Rommney/ Illegal aliens

Jan 7, 2004
1,548
0
Red Planet
Mr. Russert asked about articles that said Mr. Romney appeared to back Mr. McCain and Mr. Bush on "comprehensive immigration reform," which includes a path to citizenship and a guest-worker program. Mr. Romney said he called those approaches "reasonable," but that doesn't mean he supported them and said his position now is clearer.

"The 12 million or so that are here illegally should be able to sign up for permanent residency or citizenship,
but they should not be given a special pathway, a special guarantee that all of them get to stay here for the rest of their lives merely by virtue of having come here illegally," he said. "That, I think, is the great flaw in the final bill that came forward from the Senate."
 
I cannot with good conscience, and will not vote for anyone who supports Amnesty to law breakers...!!!!!

...that means Huckabee as well.

A President who does'nt take securing our borders as a serious priorty in my minds eye has no buisness leading this Nation.
 
I cannot with good conscience, and will not vote for anyone who supports Amnesty to law breakers...!!!!!

...that means Huckabee as well.

A President who does'nt take securing our borders as a serious priorty in my minds eye has no buisness leading this Nation.


Local,

What if a President would offer some form of amnesty to people currently in the country, but would sercure our borders through strict enforcement and procedure, secure our ports, build a fence, create financial disincentives to companies who hire illegal immigrants etc...

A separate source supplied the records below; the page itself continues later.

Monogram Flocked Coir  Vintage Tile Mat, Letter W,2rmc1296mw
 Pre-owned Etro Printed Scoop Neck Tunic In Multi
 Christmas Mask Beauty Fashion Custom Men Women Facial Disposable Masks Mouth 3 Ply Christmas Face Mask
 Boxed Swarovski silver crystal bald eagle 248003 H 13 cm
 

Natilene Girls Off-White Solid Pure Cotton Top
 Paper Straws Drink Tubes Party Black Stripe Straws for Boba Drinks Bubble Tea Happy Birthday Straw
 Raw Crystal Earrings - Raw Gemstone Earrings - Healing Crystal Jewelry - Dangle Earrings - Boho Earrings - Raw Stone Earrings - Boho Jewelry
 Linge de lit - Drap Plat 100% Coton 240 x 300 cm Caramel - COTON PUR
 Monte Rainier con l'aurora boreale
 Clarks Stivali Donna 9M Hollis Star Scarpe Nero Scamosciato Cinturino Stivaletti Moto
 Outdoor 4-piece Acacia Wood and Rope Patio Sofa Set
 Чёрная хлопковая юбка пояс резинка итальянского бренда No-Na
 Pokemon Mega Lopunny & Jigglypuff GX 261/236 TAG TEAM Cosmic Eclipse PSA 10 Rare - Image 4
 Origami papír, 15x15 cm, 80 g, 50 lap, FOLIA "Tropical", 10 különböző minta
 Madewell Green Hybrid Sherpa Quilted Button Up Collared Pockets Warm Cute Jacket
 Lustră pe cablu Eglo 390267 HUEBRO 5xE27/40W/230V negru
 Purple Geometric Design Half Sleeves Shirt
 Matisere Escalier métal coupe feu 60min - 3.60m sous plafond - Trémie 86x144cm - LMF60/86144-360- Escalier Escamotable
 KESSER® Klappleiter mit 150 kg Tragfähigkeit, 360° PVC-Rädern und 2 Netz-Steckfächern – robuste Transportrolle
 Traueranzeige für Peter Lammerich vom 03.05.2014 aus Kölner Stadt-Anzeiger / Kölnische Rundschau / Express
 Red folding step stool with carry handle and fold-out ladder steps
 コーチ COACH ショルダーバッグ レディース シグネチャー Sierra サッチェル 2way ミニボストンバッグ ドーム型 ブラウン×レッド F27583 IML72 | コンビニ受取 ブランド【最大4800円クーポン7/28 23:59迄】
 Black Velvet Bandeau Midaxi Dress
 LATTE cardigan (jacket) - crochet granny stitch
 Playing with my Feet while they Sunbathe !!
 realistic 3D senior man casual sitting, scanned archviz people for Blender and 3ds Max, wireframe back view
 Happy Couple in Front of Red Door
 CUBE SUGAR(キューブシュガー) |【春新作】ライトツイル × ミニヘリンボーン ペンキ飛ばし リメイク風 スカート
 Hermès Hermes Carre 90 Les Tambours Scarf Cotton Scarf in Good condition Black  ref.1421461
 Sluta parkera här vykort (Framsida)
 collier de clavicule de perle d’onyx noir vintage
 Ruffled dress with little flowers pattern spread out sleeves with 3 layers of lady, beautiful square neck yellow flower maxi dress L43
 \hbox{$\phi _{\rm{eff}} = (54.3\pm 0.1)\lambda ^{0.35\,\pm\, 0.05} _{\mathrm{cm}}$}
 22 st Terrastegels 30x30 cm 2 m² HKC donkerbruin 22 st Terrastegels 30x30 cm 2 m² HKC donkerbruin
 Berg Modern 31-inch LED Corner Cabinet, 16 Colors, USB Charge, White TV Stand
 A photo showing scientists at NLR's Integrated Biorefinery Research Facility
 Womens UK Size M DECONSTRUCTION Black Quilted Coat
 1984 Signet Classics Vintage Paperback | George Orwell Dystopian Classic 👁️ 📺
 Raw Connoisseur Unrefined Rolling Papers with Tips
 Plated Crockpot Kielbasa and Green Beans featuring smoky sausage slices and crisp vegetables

The President might take the task of securing our border very seriously but still recognize that BOTH securing our border AND kicking out everyone who is already in the country is logistically difficult and financially disasterous. Would you vote for a president who would actually secure our border but offer amnesty to those "grandfathered in"?
 
Local,

What if a President would offer some form of amnesty to people currently in the country, but would sercure our borders through strict enforcement and procedure, secure our ports, build a fence, create financial disincentives to companies who hire illegal immigrants etc...

The President might take the task of securing our border very seriously but still recognize that BOTH securing our border AND kicking out everyone who is already in the country is logistically difficult and financially disasterous. Would you vote for a president who would actually secure our border but offer amnesty to those "grandfathered in"?


I am more curious what the cost will be for "securing" our borders and how that price compares with the finical burden of the folks who are already here.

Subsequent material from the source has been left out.